Foto: APA/HERBERT PFARRHOFER

Gegen EU-Parlamentarier Hans-Peter Martin liegen neue Vorwürfe vor. Martin soll seiner Partei ("Liste Martin") in den Jahren 2007 und 2009 seine Wiener Wohnung - zu "stark überhöhten Preisen" - als Büro vermietet haben, berichtete das Nachrichtenmagazin "News" in ihrer aktuellen Ausgabe.

"Lassen wir das"

Gegenüber der ZiB2 hat Martin live alle Vorwürfe zurückgewiesen und von einer "Art Streikfonds" gesprochen. Das Geld fließe in einen "Aktivitätsfonds", daraus würden Wahlkämpfe für die nächsten Jahre vorfinanziert. Martin: "Liebe Wähler, glauben Sie nicht, was da passiert. Da wurden illegal die privatesten Dokumente herausgezogen. Bitte vertrauen Sie mir, liebe Wählerinnen und Wähler", appelliert der EU-Parlamentarier via ORF und kündigt erneut Strafanzeige gegen Martin Ehrenhauser an. "Das wird man sehen", "das kann man erklären", "das wird rechtlich zu prüfen sein", sagt Martin ohne eine detaillierte Erklärung zu den Vorwürfen. Auf die Frage, ob die Liste Martin mehr als zehn Mitglieder habe oder mehr als 100, will Martin keine Antwort geben und sagt nur: "Jetzt lassen wir das, ja?". Auf die Frage, ob er zurücktrete, falls sich die Vorwürfe bestätigen würden: "Da muss man schauen, was der Staatsanwalt sagt."

"Völlig absurde Zahl"

Zurück zu den neuen Vorwürfen: 2009 habe die "Liste Martin" laut Rechenschaftsbericht 120.872,64 Euro für Mieten ausgegeben. "Am 30. Dezember 2009 überwies die Liste Dr. Hans-Peter Martin laut Kontoauszug tatsächlich exakt jenen Betrag unter dem Posten 'Mieten' - und zwar an 'Martin Hans-Peter Dr. Wien", schreibt "News". Die kolportierte Jahresmiete von 120.000 Euro, was einer Monatsmiete von 10.000 Euro für die 127 Quadratmeter große Eigentumswohnung entspricht, bezeichnet ein Immobilienexperte gegenüber dem Magazin als "völlig absurde" Zahl.

"Geheimes Büro"

Martin Ehrenhauser, früherer Büroleiter der "Liste Martin" in Brüssel, forderte angesichts der neuen Vorwürfe gegen seinen Ex-Chef, dass dieser "Standort und Zweck des von ihm erwähnten zweiten 'geheimen Büros' nennen und die Bürokosten für die Eigentumswohnung in der Wiener Böcklinstraße 90 in Zahlen aufschlüsseln" solle. Des weiteren solle Martin erklären, wie viel an Mietanteil für die Wohnung er selbst übernommen habe. Im Abrechnungszeitraum war Martin laut Ehrenhauser als Privatperson in der Böcklinstraße 90 hauptgemeldet. Martin dementierte dies gegenüber "News": Er habe sich nur zu Bürozwecken dort aufgehalten. Martin verstricke sich "weiter in Widersprüche", so Ehrenhauser.

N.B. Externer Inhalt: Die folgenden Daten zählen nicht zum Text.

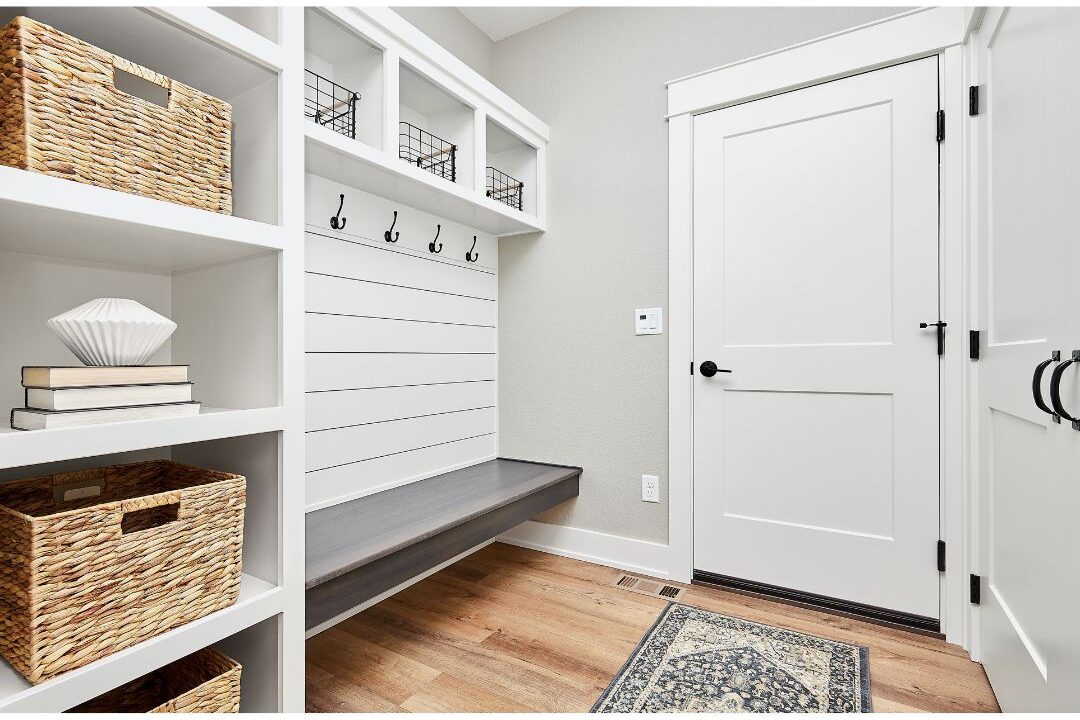 white beadboard paneling in entryway mudroom with coat hooks featuring 70 budget-friendly home upgrades that are actually worth it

Ehrenhauser hatte am Montag den "dringenden Verdacht" geäußert, dass sein Ex-Chef Martin "mindestens eine Million Euro Steuergelder abgezweigt" habe und berief sich dabei auf ihm "zugespielte Dokumente".

Martin: Vorfinanzierung von Wahlkämpfen

Martin wies alle Vorwürfe gegenüber "News" zurück. Der im Jahr 2009 angegebene Betrag decke "die Mieten in zwei Objekten in drei Jahren in Österreich ab". Die Mieteinnahmen für 2007 würden sich auf zwei Büros für einen Zeitraum von sechs Jahren beziehen, nach Abzug von Steuern und Betriebskosten verbleibende Mittel verwende er zur Vorfinanzierung von Wahlkämpfen. Die von Ehrenhauser vorgelegten Abrechnungen seien nur "Entwürfe". In einer Aussendung am heutigen Mittwoch betonte Martin zudem, die Miete der Objekte würde "unter dem marktüblichen Preis" liegen, dies hätten amtliche Prüfer festgestellt.

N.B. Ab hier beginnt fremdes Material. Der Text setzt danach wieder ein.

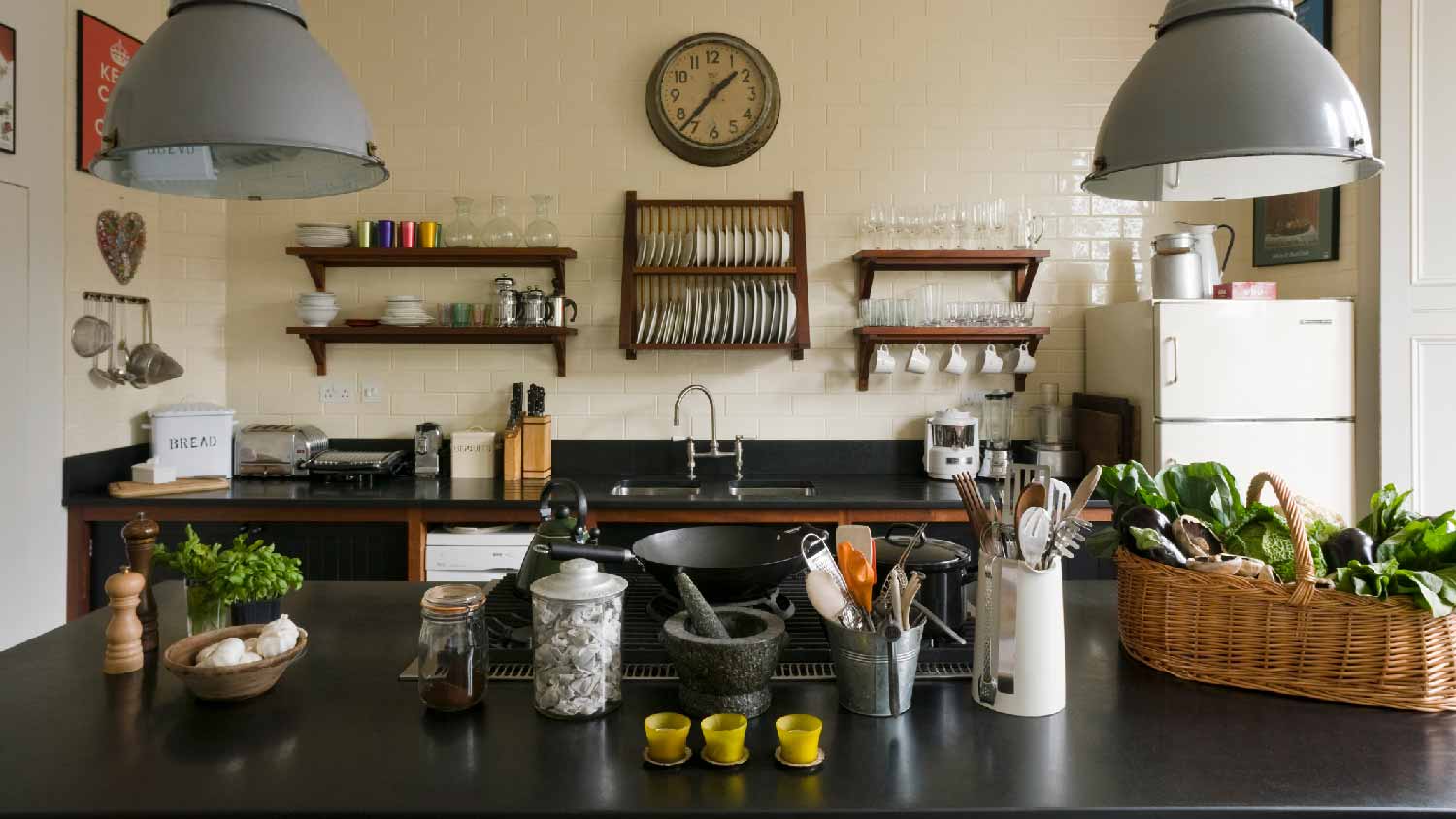 A kitchen with black granite countertops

"Ehrenhauser kennt tatsächliche Ausgaben nicht"

Zuvor hatte Martin in einer Aussendung gesagt, dass die Vorwürfe seines früheren Mitstreiters Martin Ehrenhauser sich nur auf "Entwürfe für die Abrechnung der Verwendung der Finanzmittel" der Partei stützen würden. Die "endgültige, tatsächlich durch die amtlichen Prüfer herangezogene Abrechnung" weiche in "wesentlichen Punkten" davon ab. Ehrenhauser kenne die "wesentlichen Originalunterlagen" und "tatsächlichen Rechnungen" nicht, konterte Martin am Mittwoch und kündigte einen "Ausgaben-Ticker" auf seiner Webseite an.

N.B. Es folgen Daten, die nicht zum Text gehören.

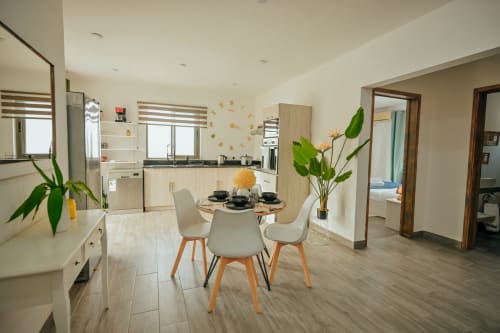 Modern kitchen and dining area in Summer of Hope villa at Gerards & Angel, Pereybere with dining table, plants, and pool view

Finanzierung durch "Aktivitäten-Fonds"

In der Aussendung erläutert Martin weiter, wie sich seine Partei "tatsächlich finanziert". Demnach würden Wahlkämpfe nicht nur durch Mittel aus dem Wahlwerbungs-Kostenbeitrag finanziert, sondern teilweise auch durch private Mieteinnahmen aus zwei seiner Büros in Österreich. "So wie der ÖGB einen 'Streikfonds' braucht, so gibt es im Kleinen für die 'Liste Martin' einen 'Aktivitäten-Fonds', der in den Jahren vor den jeweils nächsten Wahlgängen für neue investigative Recherchen, für politische Aktivitäten, Anwaltskosten etc. genutzt wird", schreibt Martin.

Ohne diesen "Aktivitäten-Fonds" könnte die Partei "bei Wahlgängen überhaupt nicht antreten". Da aber diese Mittel im "Intensivwahlkampf" gar nicht ausreichten, müsste Martin selbst Gelder aus seinem privaten Vermögen "hinzuschießen" und Kredite aufnehmen. Er alleine habe bisher das gesamte finanzielle Risiko im Zusammenhang mit der "Liste Martin" getragen, Ehrenhauser nur durch ihn die Chance bekommen, ins EU-Parlament einzuziehen.

Ehrenhauser wollte Macht übernehmen

Ehrenhauser, der vor mehr als einer Woche aus der "Liste Martin" ausgetreten war, hätte selbst an die Gelder der Liste "herankommen" und "die Macht" übernehmen wollen, empörte sich Martin. Er selbst will verbliebene Gelder an soziale Einrichtung spenden, sollte er sich dazu entscheiden, bei keiner Wahl mehr anzutreten.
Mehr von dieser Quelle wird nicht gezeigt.